Remarkably, our man seemed unconscious of the irony that that the electoral system, of which he had been the beneficiary and of which merits he was extolling, had delivered the Cleggeron administration. This is the very same which has so exercised The Daily Mail that it today handed over its front page to the headline: "Makes you proud to be British".

And just in case some of its readers don't do irony, the message is hammered home with Richard Littlejohn likening the performance of the Cleggeron duo to something out of a Carry-On film. The real irony, though, is that "British" is the last thing a tranzie like Clegg would want to be thought of.

Nevertheless, the only thing one can hope for is that very few people are surprised. It should have dawned on just about everybody by now that PR spiv Cameron and his golden-boy Cleggy are not very good at politics and even less good at anything which resembles competent administration. Thus, that they should be guilty of "shamefully mishandling" the Libyan evacuation mission is only to be expected.

The sad thing, of course, is that the Euroslime Dave was elected leader by the Tory Party, in what was said to be the most democratic contest in its history. Through this we end up with a man pretending to be prime minister, heading a party that was not voted to power, who is neither accountable nor democratic, and who is supremely incompetent.

One might recall incidentally, that the 1940 Churchill was in a similar position, heading an unpopular coalition government, presiding over an emasculated parliament. However, Churchill had some advantages. Rather than Miliband, he had Hitler as an enemy – by which comparison even the British government looked benign - and he enjoyed rigorous media censorship which allowed him to keep his more egregious errors out of the press.
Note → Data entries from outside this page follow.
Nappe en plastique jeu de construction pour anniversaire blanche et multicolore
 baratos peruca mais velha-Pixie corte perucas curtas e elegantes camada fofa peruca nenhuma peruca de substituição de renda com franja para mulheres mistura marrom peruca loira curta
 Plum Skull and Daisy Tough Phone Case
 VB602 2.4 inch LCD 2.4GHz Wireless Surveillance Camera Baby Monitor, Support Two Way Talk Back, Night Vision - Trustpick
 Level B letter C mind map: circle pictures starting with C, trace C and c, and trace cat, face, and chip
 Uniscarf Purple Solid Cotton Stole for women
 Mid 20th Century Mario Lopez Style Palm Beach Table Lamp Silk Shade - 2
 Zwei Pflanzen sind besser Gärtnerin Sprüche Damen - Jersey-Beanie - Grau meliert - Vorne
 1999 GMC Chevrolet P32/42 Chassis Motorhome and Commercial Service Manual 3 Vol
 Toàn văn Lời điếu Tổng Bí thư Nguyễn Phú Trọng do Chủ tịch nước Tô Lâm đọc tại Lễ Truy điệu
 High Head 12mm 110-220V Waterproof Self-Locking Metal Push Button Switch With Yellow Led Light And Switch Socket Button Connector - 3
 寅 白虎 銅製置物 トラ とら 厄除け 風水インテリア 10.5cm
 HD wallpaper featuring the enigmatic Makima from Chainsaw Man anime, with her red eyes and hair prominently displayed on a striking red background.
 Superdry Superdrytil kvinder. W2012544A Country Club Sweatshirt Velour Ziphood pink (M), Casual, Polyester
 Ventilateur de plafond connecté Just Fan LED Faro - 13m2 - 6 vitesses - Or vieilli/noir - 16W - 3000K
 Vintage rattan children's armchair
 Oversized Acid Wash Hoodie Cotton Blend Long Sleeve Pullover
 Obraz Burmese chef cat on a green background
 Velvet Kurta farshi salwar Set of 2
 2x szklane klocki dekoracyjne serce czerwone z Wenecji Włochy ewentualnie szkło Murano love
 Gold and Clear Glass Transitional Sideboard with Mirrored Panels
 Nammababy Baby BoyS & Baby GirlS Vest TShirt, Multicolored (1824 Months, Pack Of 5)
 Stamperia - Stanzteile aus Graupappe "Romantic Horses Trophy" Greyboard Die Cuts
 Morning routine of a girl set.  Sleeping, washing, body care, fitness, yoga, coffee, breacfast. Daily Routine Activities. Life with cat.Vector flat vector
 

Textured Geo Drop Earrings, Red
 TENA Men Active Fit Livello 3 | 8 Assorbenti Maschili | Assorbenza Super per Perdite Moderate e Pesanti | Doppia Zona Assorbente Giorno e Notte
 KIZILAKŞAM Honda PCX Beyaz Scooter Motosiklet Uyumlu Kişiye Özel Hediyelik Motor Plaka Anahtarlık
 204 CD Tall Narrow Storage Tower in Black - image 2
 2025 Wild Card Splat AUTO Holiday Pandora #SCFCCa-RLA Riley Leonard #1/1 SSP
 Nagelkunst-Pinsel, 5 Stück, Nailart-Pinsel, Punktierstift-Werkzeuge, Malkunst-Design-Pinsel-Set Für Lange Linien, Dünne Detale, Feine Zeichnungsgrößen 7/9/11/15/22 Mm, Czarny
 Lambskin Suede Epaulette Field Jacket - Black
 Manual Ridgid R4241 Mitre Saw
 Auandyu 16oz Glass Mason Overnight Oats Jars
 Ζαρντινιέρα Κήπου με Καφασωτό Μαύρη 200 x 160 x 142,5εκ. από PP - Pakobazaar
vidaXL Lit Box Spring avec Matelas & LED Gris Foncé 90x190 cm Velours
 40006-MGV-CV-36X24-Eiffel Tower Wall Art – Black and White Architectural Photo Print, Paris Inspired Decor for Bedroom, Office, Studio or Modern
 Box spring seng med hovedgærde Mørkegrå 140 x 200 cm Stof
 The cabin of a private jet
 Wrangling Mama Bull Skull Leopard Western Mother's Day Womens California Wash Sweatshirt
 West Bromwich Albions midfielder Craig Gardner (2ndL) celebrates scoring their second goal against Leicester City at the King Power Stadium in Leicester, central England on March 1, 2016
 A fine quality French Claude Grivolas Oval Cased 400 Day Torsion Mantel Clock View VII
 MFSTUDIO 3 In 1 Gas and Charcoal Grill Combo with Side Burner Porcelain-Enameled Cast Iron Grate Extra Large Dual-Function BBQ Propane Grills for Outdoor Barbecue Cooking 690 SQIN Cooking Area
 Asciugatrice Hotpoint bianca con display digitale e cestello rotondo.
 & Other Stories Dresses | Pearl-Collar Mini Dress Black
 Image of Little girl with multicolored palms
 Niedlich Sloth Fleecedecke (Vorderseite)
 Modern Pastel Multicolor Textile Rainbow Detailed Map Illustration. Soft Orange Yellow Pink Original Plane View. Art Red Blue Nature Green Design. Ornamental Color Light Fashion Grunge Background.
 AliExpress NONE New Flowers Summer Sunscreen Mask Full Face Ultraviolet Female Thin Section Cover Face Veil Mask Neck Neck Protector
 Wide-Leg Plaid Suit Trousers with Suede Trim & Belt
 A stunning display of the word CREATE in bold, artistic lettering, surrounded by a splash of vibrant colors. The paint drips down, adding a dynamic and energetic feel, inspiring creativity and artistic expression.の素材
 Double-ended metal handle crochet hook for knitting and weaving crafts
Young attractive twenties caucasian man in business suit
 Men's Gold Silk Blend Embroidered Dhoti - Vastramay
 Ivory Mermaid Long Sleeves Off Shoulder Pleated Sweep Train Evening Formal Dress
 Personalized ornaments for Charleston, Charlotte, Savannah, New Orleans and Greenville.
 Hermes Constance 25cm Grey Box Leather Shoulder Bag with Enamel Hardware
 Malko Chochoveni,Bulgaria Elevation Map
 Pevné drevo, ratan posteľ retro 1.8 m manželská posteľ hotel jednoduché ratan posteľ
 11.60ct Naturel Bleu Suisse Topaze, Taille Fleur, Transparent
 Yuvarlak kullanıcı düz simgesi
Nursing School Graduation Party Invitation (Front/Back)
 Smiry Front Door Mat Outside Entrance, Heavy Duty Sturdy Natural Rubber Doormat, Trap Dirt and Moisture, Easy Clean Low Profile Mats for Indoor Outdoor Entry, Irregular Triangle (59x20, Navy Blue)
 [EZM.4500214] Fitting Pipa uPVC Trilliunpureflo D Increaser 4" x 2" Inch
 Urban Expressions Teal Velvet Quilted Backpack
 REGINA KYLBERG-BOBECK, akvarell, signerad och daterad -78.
Neither that nor this period was any great advertisement for democracy. But then, as Churchill once said, it is the least worst system – even if during the period of his greatest fame, he almost completely abolished it and ruled with greater powers (on paper) than even Hitler.

Maybe though, if he was right, we ought to try it some time – because, elections or not – what we have is not even close. On the other hand, that is just as well. Any system which throws up the Cleggerons as our rulers has to be all bad.